▸ Work instruction
Scan the data below for the string "Gift". Copy every line where it appears.

▸ Data extracts
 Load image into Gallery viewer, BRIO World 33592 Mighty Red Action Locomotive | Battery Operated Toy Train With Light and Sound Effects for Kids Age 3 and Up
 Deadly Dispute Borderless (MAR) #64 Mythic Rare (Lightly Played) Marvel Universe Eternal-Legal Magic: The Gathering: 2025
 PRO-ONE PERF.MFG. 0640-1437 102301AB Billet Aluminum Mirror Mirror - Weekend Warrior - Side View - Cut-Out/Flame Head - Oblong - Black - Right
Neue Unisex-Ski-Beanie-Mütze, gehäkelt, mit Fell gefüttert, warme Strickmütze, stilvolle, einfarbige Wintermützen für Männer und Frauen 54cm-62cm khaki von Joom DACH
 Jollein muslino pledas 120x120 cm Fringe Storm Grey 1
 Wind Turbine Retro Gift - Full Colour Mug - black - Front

* * *

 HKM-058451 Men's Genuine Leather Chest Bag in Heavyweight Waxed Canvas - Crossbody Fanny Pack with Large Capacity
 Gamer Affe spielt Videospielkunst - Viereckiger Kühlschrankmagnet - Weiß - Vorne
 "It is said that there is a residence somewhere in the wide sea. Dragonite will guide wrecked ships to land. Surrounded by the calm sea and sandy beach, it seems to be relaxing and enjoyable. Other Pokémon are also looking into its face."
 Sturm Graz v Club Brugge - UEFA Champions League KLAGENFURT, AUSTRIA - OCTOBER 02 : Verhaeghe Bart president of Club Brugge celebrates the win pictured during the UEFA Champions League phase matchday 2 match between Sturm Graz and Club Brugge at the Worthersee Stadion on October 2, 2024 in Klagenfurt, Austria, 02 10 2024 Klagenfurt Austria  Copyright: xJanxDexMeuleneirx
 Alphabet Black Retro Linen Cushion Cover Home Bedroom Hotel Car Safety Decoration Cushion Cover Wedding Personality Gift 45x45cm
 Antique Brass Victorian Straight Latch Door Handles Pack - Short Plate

==

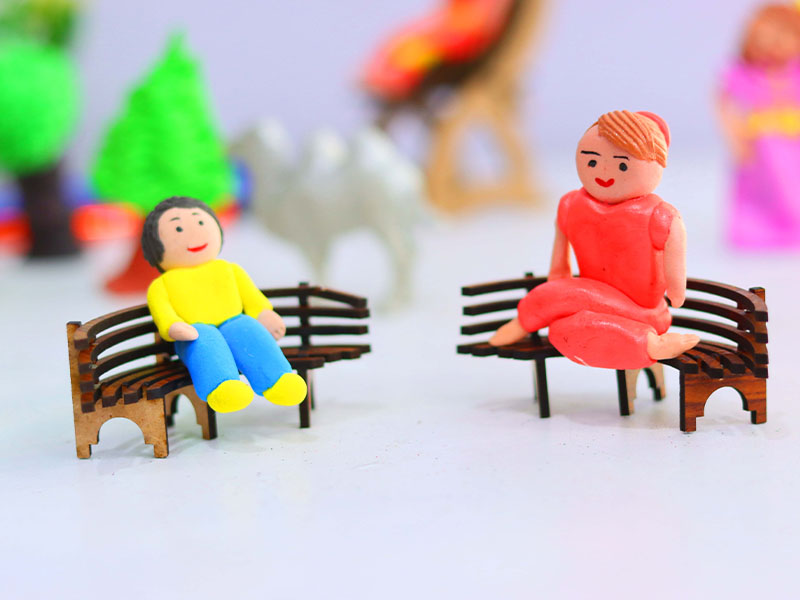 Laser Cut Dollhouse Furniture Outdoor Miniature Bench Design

▸ Solution
 Wind Turbine Retro Gift - Full Colour Mug - black - Front
 Alphabet Black Retro Linen Cushion Cover Home Bedroom Hotel Car Safety Decoration Cushion Cover Wedding Personality Gift 45x45cm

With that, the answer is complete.